Rephrasing myself: GNOME 3 and Unity are "oddities" we should ignore just as much as Windows 8 for those who think they're too otherwordly to be used.

The fact is people get used to anything in life, even bad interfaces. Windows 8 will be a sales success by being force fed to computer buyers. GNOME 3 will not have such backing, so its adoption rate will be a lot slower. But the point is that people have choice, and people will eventually find what's best to them. GNOME 3 seems to be despised by a lot of people because of its defaults and lack of choice. So GNOME 3 has plugins. Nice. But people in general settle for the defaults and expect a given set of options. If the defaults are unuseable (to many) and to recover the expected functionality you'll have to thinker so people will run miles from it.

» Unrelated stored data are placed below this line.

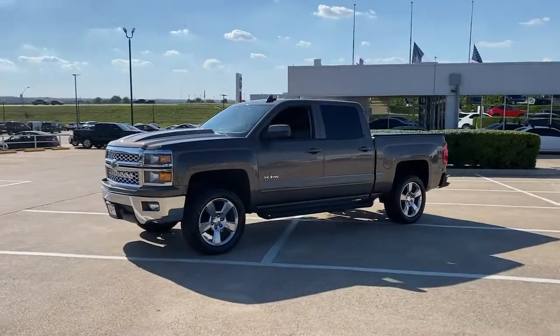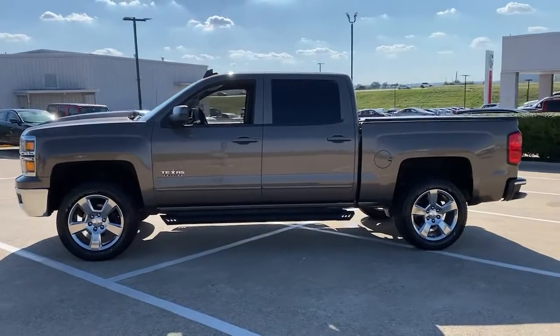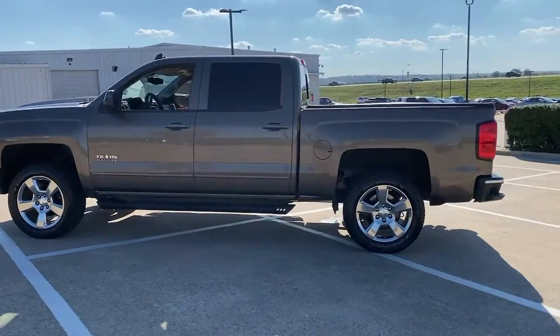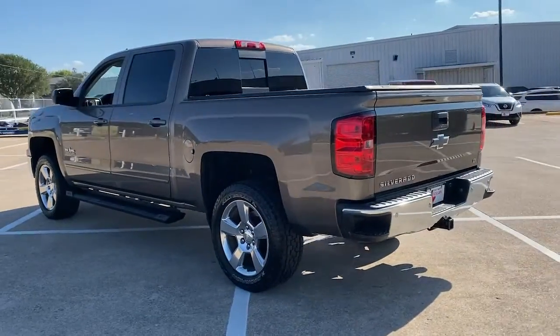This could be the car for you. The 2015 Chevrolet Silverado 1500. With less than 110,000 miles on the odometer, this vehicle provides excellent value.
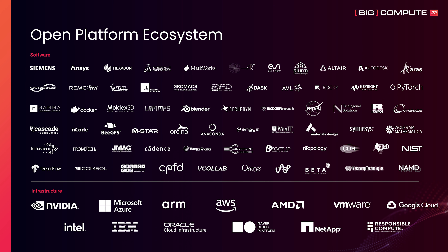High-performance computing is all about the architectures. Advanced computing technology providers like AMD, Intel, and NVIDIA, and major cloud providers like Amazon Web Services, Google Cloud Platform, and Microsoft Azure are just some of the key players that participate in our open ecosystem.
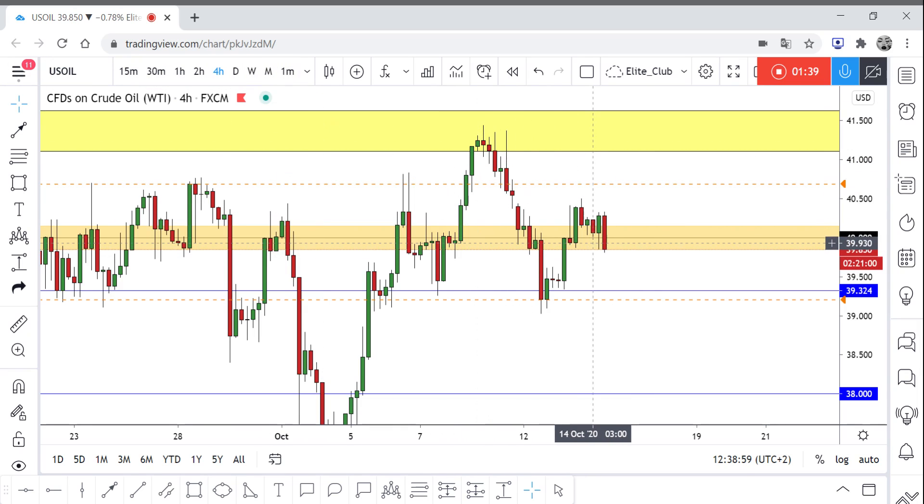And of course, if you want better confirmation and you want to see that the pattern did happen, it will be better for you to wait for the neckline to be broken. The neckline for this pattern is around 39.250. So you can enter from above, or wait for the neckline to be broken and then enter your trade.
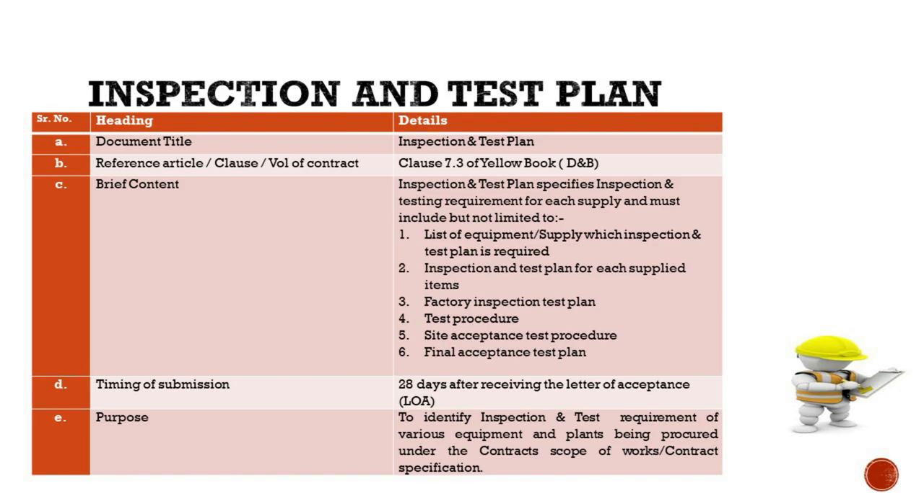Referencing Clause 7.3 of the Yellow Book underlines the necessity for inspections to be thorough and in compliance with employer personnel's rights to access, examine, and test materials and workmanship at all reasonable times. The content of an ITP includes a detailed list of equipment and supplies requiring inspection and test plans, specific inspection and test plans for each supplied item, plans for factory inspections, clearly defined test procedures, protocols for site acceptance testing, and frameworks for final acceptance testing.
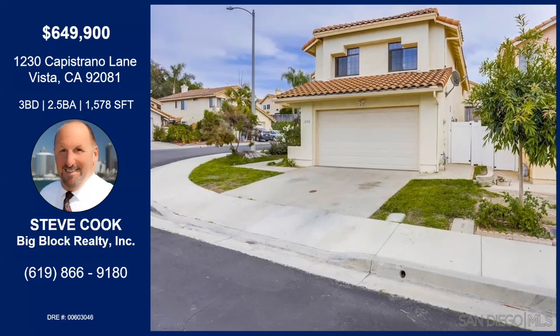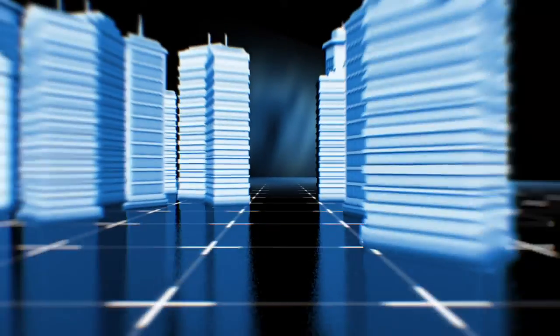That was Steve Cook with Capistrano Lane in Vista, close to Shadow Ridge. This is a corner lot with a big backyard, new vinyl fencing all around, open space behind the house so you don't have any neighbors behind you. Newer custom kitchen with quartz counters, wood flooring throughout the downstairs, corner brick fireplace, high ceilings, and a great-sized master suite. If you'd like any more information about this property, you can contact Steve with the information on your screen.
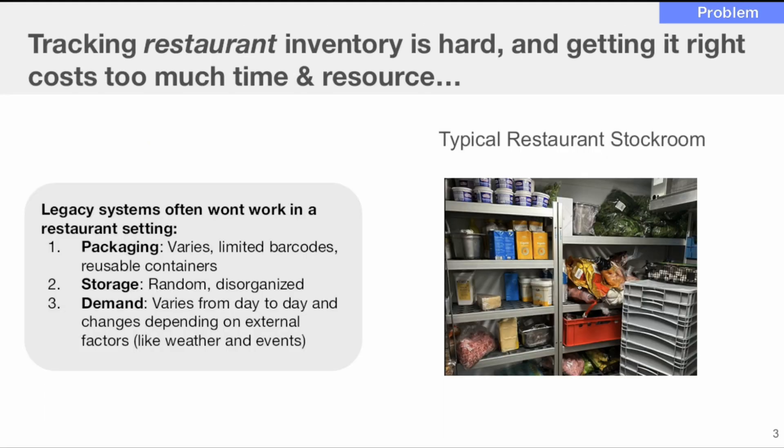On slide two, the problem: tracking restaurant inventory is hard and getting it right costs too much time and resource. That makes a lot of sense to me. It's explaining that legacy systems don't really work, storage is a mess, and a lot of things change.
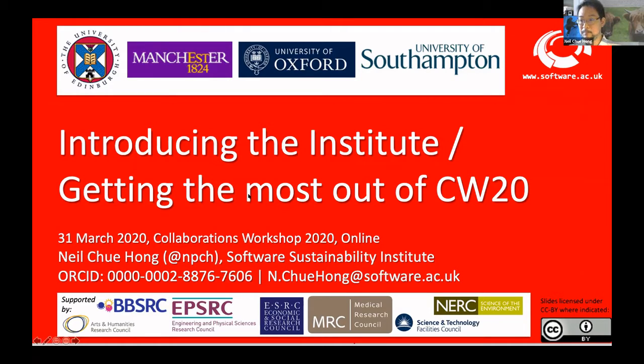Hi everyone. I'm going to assume that you can hear me just now and keep going. So welcome to this collaborations workshop. I'm going to follow on from the slides that Rachel presented and say a little bit about the Software Sustainability Institute who run this event, and also some of my own personal tips rehashed for online from the physical version of collaborations workshop.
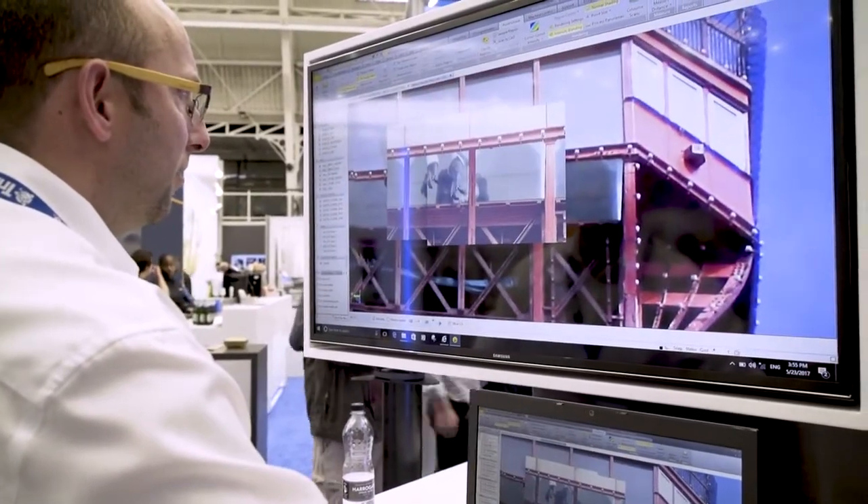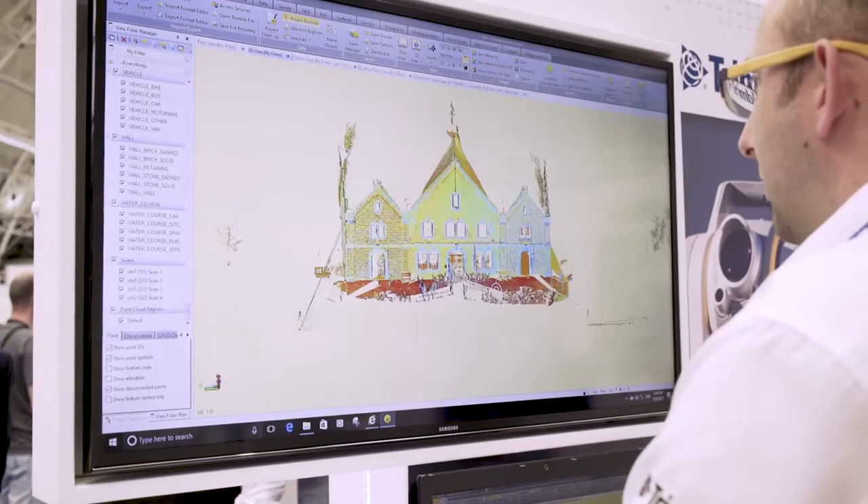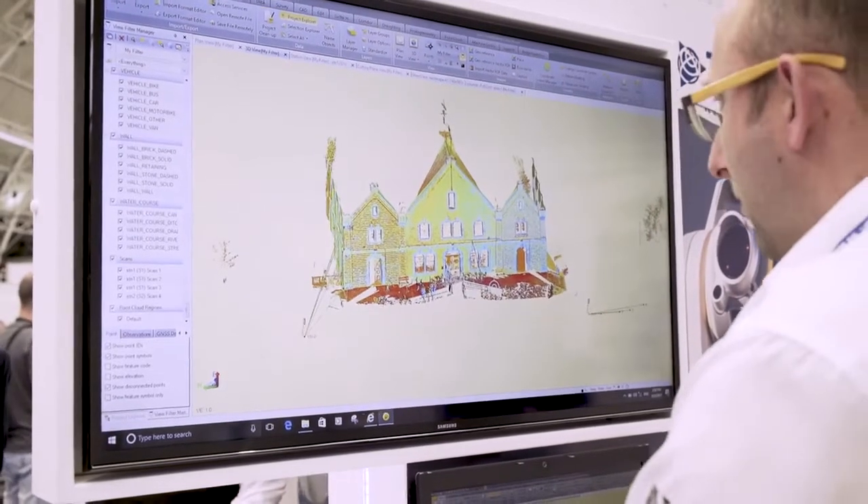The data that I currently bring into TPC varies from GPS post-processing to integrated surveying with the S7 and the R10, and the vision capabilities including the scanning capabilities as well.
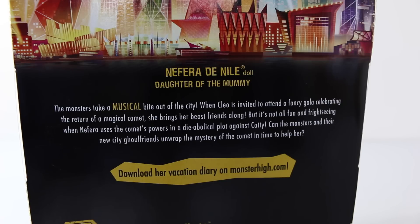When Cleo is invited to attend a fancy gala celebrating the return of the magical comet, she brings her best friends along, but it's not all fun and fright-seeing. When Nefra uses the comet's powers in a diabolical plot against Caddy, can the monsters and her new city girlfriends unwrap the mystery of the comet in time to help her? You can also visit the Monster High website and download her vacation diary.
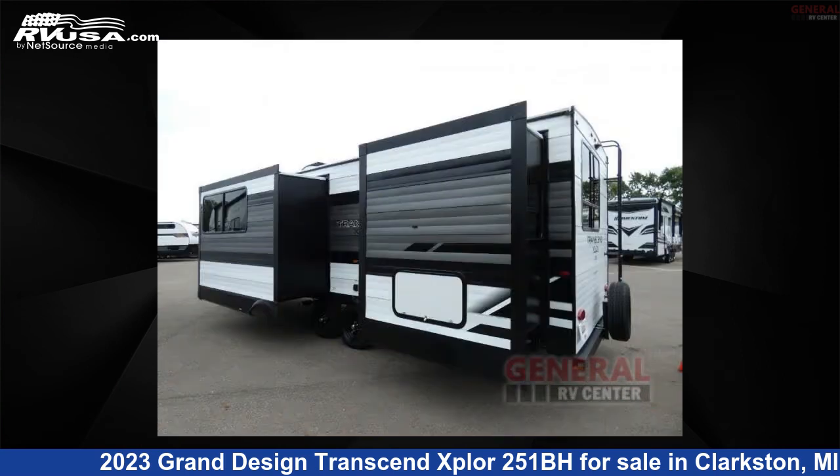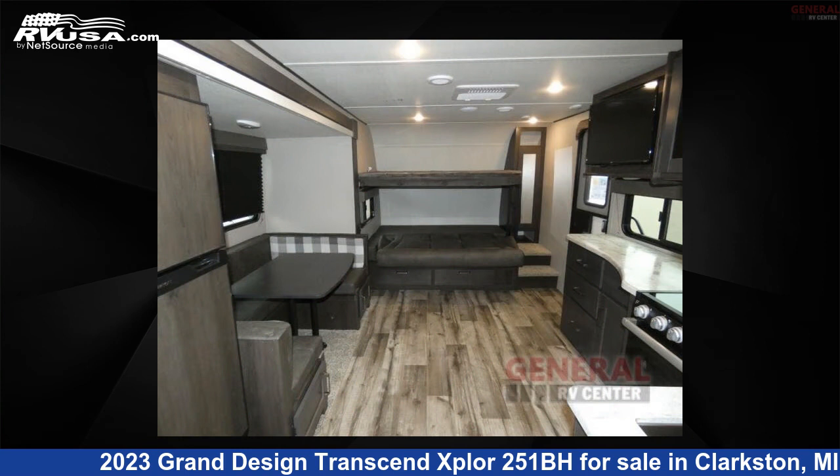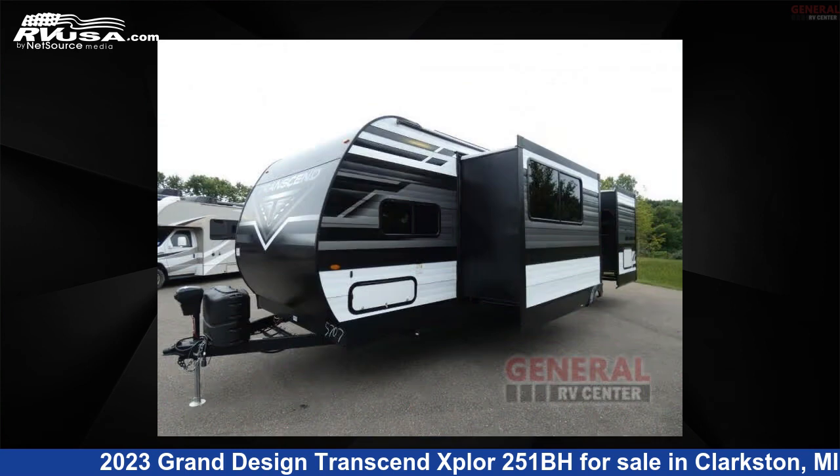This new Grand Design is 30 feet 0 inches in length and features two slide-outs, sleeps eight, and 62 gallons fresh water capacity. The floor plan layout of this travel trailer features bunkhouse, rear bedroom, and U-shaped dinette.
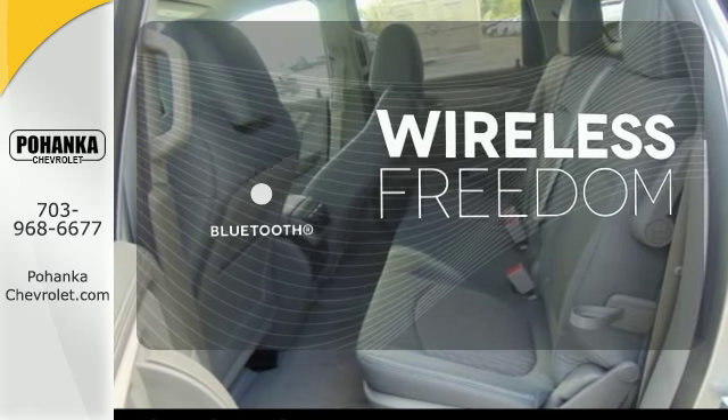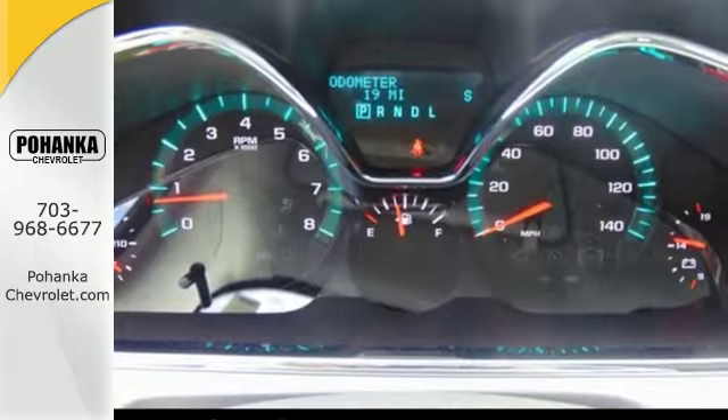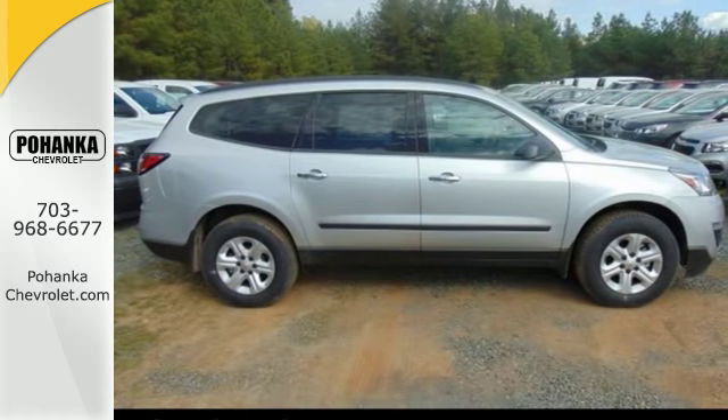You don't have to put your life on hold when you have Bluetooth. Enjoy the freedom, the refinement, the inspiration. Discover what this Traverse has to offer today.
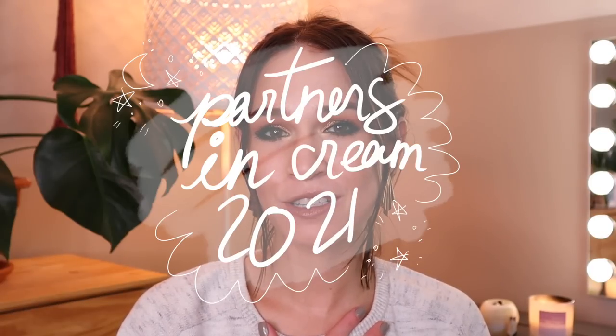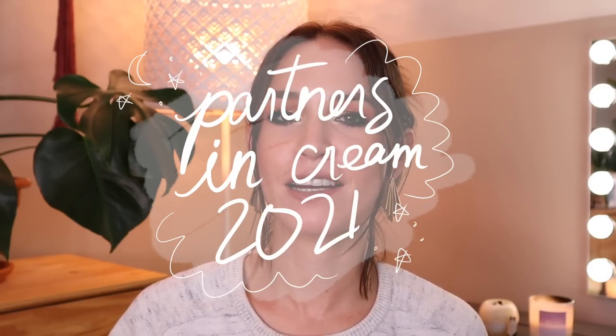Hey everyone! I hope you're all doing really well. Today I'm going to be sharing with you the very bittersweet finale for the Partners in Cream Project Pan. We definitely have to thank Stefan DeLynn for coming up with this amazing, very simple, yet extremely effective and ingenious Project Pan idea.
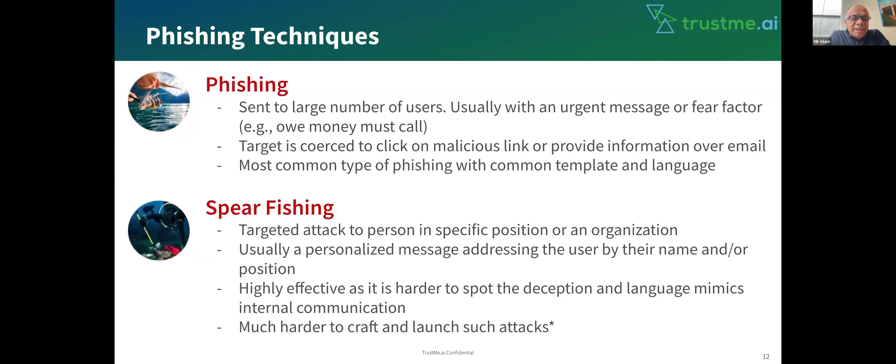Before we go into that, let me give a little overview of how phishing happens so you are aware of what to look out for. The normal phishing email is sent to a large number of users, usually with an urgent message or fear factor — like, 'Hey, you owe money. This is from the IRS, you need to send this money to a Zelle account or something.' It will try to make you afraid of the situation and then take some action. But most of the time, companies will not try to get money this way. Even if you owe some money, you would need to call them directly and find out if that is really the case. Do not click on the link.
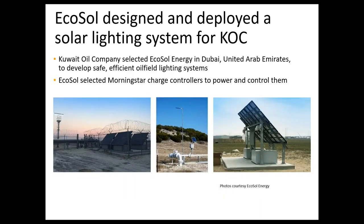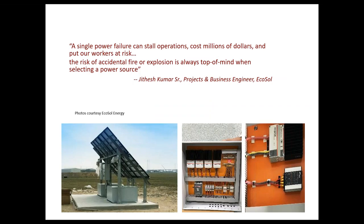EcoSol, one of our longtime partners in the Middle East, designed and deployed an off-grid solar PV system for Kuwait Oil Company, who had a very specific requirement involving a programmable lighting scheme for the safety and security of workers at the site. Lighting is not a typical DC load you'd find in a gas and oil site, but in this case it provided an interesting case study highlighting unique design decisions and performance requirements. The impact of a system failure and the cost of any downtime is immense — measured in thousands or possibly millions of dollars daily or weekly — which is really what has driven customers to rely on Morningstar.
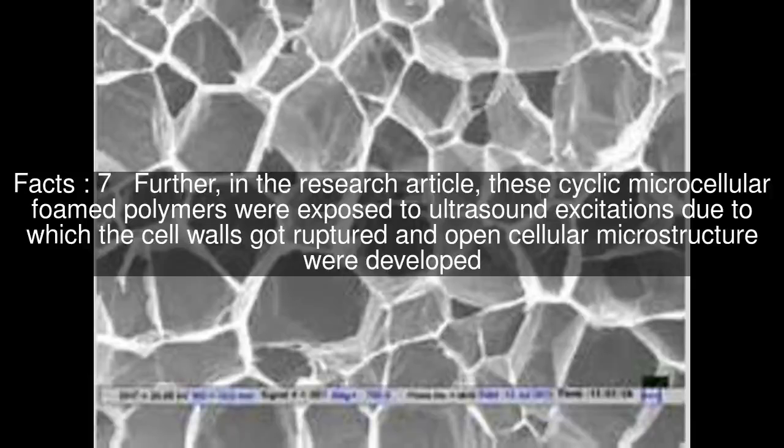Further, in the research article, these cyclic microcellular foamed polymers were exposed to ultrasound excitations, due to which the cell walls got ruptured and open cellular microstructures were developed.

UIs should be unobtrusive, because people use programs to do things. People don't need UIs to stare at them (Windows 8) or fiddle with its innards to get to the basics. The'yre not an end per se, but an enabler to let people get things done. If it stays in the middle of what people want to do people will use something else that lets them do what they want. Dead simple. One can shove years of methinksuishouldbelikethis and other theoretical, dadaistic designers' ideas because people like aesthetics, but don't live by it. Did you use Windows 8's message app? Good aesthetics, almost zero functionality, perfect for a Hollywhood movie but terrible for daily use.
About typing an app's name to open it, KDE SC, Windows, GNOME, OS X, all have it. It's a staple now. KDE even extrapolates it with its idea of "semantic desktop", but WTF Nepomuk (also used by GNOME) is not agreed by all.
In fact, sadly I have to say that functionality/usability-wise, according to my view, it's Windows 7, OS X, KDE on top, GNOME 2 and others at the middle and GNOME 3, UNITY and Windows 8 at the bottom.